Athi River, Kenya
Project lead: Smart Villages + Chemolex Company
The Athi River, which spans 390 km before entering the Indian Ocean, is the second-longest river in Kenya. As it flows through the plains and valleys of Kenya, the river forms the majestic Fourteen Falls, meanders through Nairobi, and eventually passes through Tsavo National Park, the largest in Kenya. Here, hippopotamus, crocodiles, and pythons are attracted to the river’s waters and the life it carries. Millions of Kenyans rely on the Athi River for drinking water and irrigation.

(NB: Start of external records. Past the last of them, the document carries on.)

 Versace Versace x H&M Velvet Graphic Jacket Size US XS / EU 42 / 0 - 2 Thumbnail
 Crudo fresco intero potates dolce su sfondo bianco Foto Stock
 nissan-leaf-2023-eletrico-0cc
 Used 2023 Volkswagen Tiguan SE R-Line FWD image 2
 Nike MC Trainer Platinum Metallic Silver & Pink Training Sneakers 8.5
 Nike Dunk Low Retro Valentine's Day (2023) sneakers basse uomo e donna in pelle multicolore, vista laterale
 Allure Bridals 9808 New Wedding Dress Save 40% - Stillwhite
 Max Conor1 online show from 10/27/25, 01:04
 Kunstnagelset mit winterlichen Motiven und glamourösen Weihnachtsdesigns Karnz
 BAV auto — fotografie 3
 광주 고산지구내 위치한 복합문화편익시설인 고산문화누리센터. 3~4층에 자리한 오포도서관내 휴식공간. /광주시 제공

However, the Athi River also receives large amounts of pollution from Nairobi–an area with a population of over nine million people. Along with population growth and rapid urbanization, poor solid waste management is emerging as a key risk for health in Kenya. As a result, Kenya has become a leader in East Africa regarding aggressive policies to combat plastic pollution at its source. In 2017, the government made the manufacturing, sale, and distribution of polythene plastic carrier bags illegal. But as Kenya’s solid waste pollution continued to worsen, President Uhuru Kenyatta implemented a broader ban on single use plastics in June 2020. The ban prevents all visitors to national parks, beaches, forests and conservation areas from carrying plastic water bottles, cups, disposable plates, cutlery, or straws.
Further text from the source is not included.